Chenxi Wang,Yifan Qiao,Haoran Ma,Shi Liu,Yiying Zhang,Wenguang Chen,Ravi Netravali,Miryung Kim,Guoqing Harry Xu
Abstract:Remote memory techniques for datacenter applications have recently gained a great deal of popularity. Existing remote memory techniques focus on the efficiency of a single application setting only. However, when multiple applications co-run on a remote-memory system, significant interference could occur, resulting in unexpected slowdowns even if the same amounts of physical resources are granted to each application. This slowdown stems from massive sharing in applications' swap data paths. Canvas is a redesigned swap system that fully isolates swap paths for remote-memory applications. Canvas allows each application to possess its dedicated swap partition, swap cache, prefetcher, and RDMA bandwidth. Swap isolation lays a foundation for adaptive optimization techniques based on each application's own access patterns and needs. We develop three such techniques: (1) adaptive swap entry allocation, (2) semantics-aware prefetching, and (3) two-dimensional RDMA scheduling. A thorough evaluation with a set of widely-deployed applications demonstrates that Canvas minimizes performance variation and dramatically reduces performance degradation.
Operating Systems,Distributed, Parallel, and Cluster Computing,Networking and Internet Architecture
What problem does this paper attempt to address?

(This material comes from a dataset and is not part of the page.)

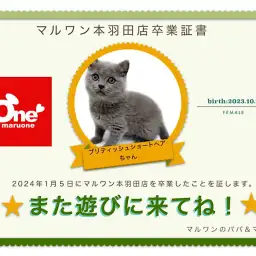 【 卒業記念 】ブリティッシュちゃん卒業おめでとう！今までの感謝を込めて〜卒業ブログ〜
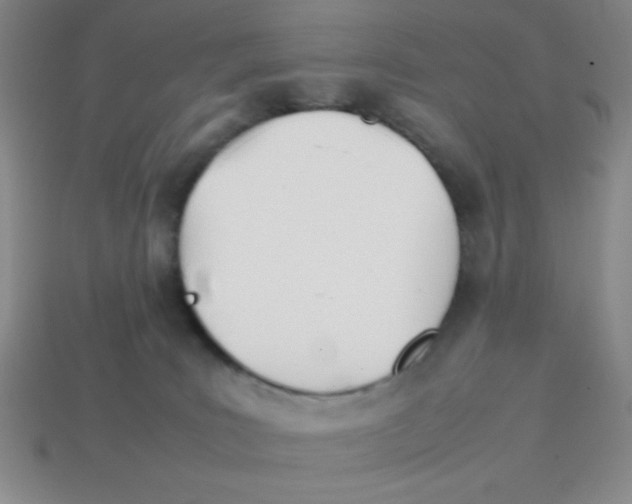 X0000113870035200910221344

The problem that this paper attempts to solve is the performance interference problem that occurs when multiple applications co - exist in a remote memory system. Specifically:
1. **Severe lock contention**: Current swapping systems, when multiple applications share swapping resources (such as swap partitions, RDMA, etc.), due to the need to frequently allocate swap entries, lead to severe lock contention, which reduces throughput and hinders the full utilization of RDMA bandwidth. For example, during frequent remote access windows, an application may spend up to 70% of its time obtaining swap entries.
2. **Uncontrolled use of swap resources** (e.g., RDMA bandwidth): Shared RDMA bandwidth is often dominated by applications with many threads that perform frequent remote accesses simultaneously. For example, aggressively (pre - )fetching pages to meet the needs of one application may disproportionately reduce the bandwidth usage of other applications. Moreover, even within an application, resource competition between pre - fetching and demand - swapping can lead to extended fault - handling times or pre - fetching delays, and pages cannot be brought back in a timely manner.
3. **Reduced pre - fetching efficiency**: Current kernel pre - fetchers are built based on low - level access patterns (such as sequential or strided), which are useful for applications that use arrays extensively. However, many cloud applications are written in high - level managed languages (such as Java or Python), and their accesses come from multiple threads or exhibit pointer - chasing behavior rather than sequential or strided patterns. Therefore, when multiple applications co - exist, this single pre - fetching strategy has difficulty working effectively. For example, running Spark and native applications together will reduce the pre - fetching contribution of Leap by 3.19 times.
To address these problems, the paper proposes Canvas, a redesigned swapping system that completely isolates the swapping paths by providing each application with a dedicated swap partition, swap cache, pre - fetcher, and RDMA bandwidth. Canvas also develops three adaptive optimization techniques: (1) adaptive swap entry allocation, (2) semantic - aware pre - fetching, and (3) two - dimensional RDMA scheduling. These techniques are optimized based on each application's own access patterns and requirements, thereby minimizing performance variation and significantly reducing performance degradation.